Advertisement

Department Split Has Police Up in Arms

Share
TIMES STAFF WRITER

Time was, a small-town police chief not only enforced the laws, he might make a few of his own. And he certainly didn’t have to worry about his officers. They knew who was boss.

But in the small Eastern Sierra town of Bishop, tradition has taken a holiday and the police chief is fighting to keep his job.

The Bishop Police Department’s eight full-time officers have been in rebellion for nearly a year against what they say is the good-ol’-boy, seat-of-the-pants style of Police Chief Bruce Dishion.

Advertisement

Officers complain that Dishion is a mean-spirited, ineffectual manager who has failed to keep them properly trained. They went to the town’s administrator and City Council last August for help. But when little was done, the Inyo County Grand Jury began to investigate.

Now, the 11-member volunteer panel has upped the ante--launching legal proceedings that could force Chief Dishion, 51, and one of his sergeants, Larry Cox, 54, from office for alleged malfeasance.

Dishion, Cox and the town’s administrator, Rick Pucci, did not return several phone calls seeking comment. City Atty. Peter E. Tracy released a prepared statement that read, in part: “The city of Bishop is entirely supportive of Chief Dishion and Sgt. Cox and I will be an active participant in their legal defense. Ultimately, I am convinced that [the accusations will not] survive legal scrutiny.”

The contretemps in this normally serene town on California 395 stems from a split between the mostly older, home-grown officers who run the Police Department and younger officers who come from outside and bring more rigorous ideas about police procedures.

“The group dynamic of the patrol officers has changed a lot in the last 10 years,” said one officer, who spoke on condition of anonymity. “We have guys from San Diego and Los Angeles with a lot more experience and a lot more progressive ideas about policing.”

The town of 3,600 residents has little crime, but its location on a major north-south artery increasingly exposes it to gangs, drugs and other big-city problems, the grand jury reported.

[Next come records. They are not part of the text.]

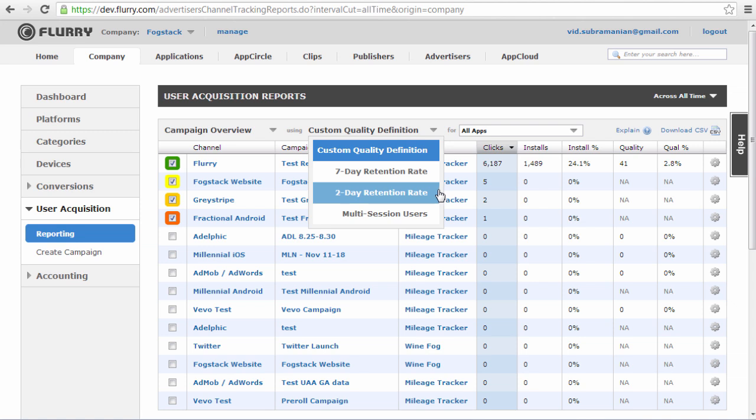If you select Custom from the Quality Metric drop-down, you will see the number of users who made it into the segment or funnel that you selected when creating the campaign.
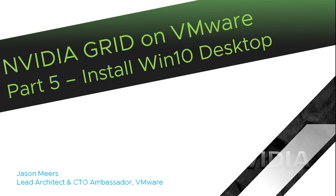So that was part five, installing a Windows 10 desktop. Thank you very much for your time and I hope you found that useful.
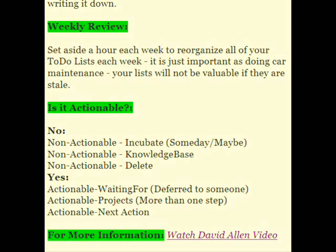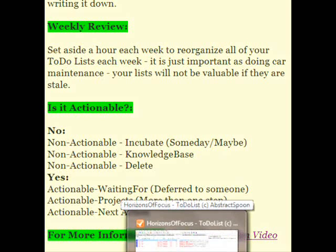On the other hand, if it is actionable, you may defer it to someone else — you'll put it in an actionable 'waiting for' file, and this will remind you to follow up when the time comes. Stage projects are anything that take more than one step to accomplish. And an actionable next action is when you've narrowed it down to a simple next action. Let's move on to looking at Abstract Spoon to see how I've implemented this GTD system.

Those dangers require that officers remain up to date in field tactics, firearms training and other disciplines.

Advertisement

Instead, Dishion, Cox and other veteran Bishop Police Department supervisors have provided little direction to their force, according to the grand jury.

“They are dinosaurs. They have been here too long and it’s time for them to move along,” said Domingo Parra Sr., the owner of a local automotive shop.

The controversy began Aug. 9, when all eight of the department’s sworn officers wrote a letter that accused Dishion and Cox of a variety of shortcomings. The grand jury might have just filed the information away, but panel members became convinced that city leaders were not doing enough to respond to the accusations.

As a result, the panel launched a review of its own, invoking an obscure section of the state Government Code that allows the removal of public officials who do not do their jobs. The 12-page accusation by the grand jury alleges that Dishion:

* Showed favoritism in disciplining officers.

* Failed to review or debrief officers after serious incidents, including a dangerous standoff with a suspect in which police positioned themselves in such a way that they might have shot one another.

* Failed to appoint officers to conduct training, oversee evidence and tend to other important functions.

Advertisement

* Carried a gun even though he had not qualified on the firing range to do so, and allowed other officers to do the same.

* Treated employees discourteously and caused morale to plummet.

Grand jurors became even more incensed when they heard Dishion’s response to their work. According to the panel’s report, the chief reportedly referred to them as “a bunch of yo-yos,” adding that a bunch of “shopkeepers and waitresses” didn’t know anything about police work.

The grand jury cited Cox--who began his career on the Bishop police force 27 years ago, within a month of Dishion--for many of the same deficiencies as the chief.

It also accused him of failing to back up fellow officers; using confidential Department of Motor Vehicles records for other than official purposes; and failing to properly investigate an alleged theft from Parra’s automotive repair shop.

The Inyo County district attorney has removed himself from the case because he has worked with Dishion for years. Instead, the allegations are being reviewed by the state attorney general’s office. The attorney general will decide whether Dishion and Cox must stand trial for their alleged transgressions. A judge or jury, sitting in a civil proceeding, would then have to decide whether to remove the officers from their posts.

The San Diego County Grand Jury recently filed a similar action against Mayor Susan Golding, related to the city’s attempt to build a downtown ballpark.

Advertisement

But the courts typically have been loath to remove public officials through civil proceedings. A state appellate court in 1996, for instance, blocked efforts by the Orange County district attorney to remove two members of the Board of Supervisors from office for failing to prevent the county’s bankruptcy.

In Bishop, officers and some residents are hoping that, at the very least, the accusations will force some reforms in the Police Department.

“There is a perceived good-old-boy system,” said one Bishop businessman, who spoke on condition of anonymity. “For years things have been done a certain way, with the chief handling things personally with favoritism, and it has become unbearable for the cops.”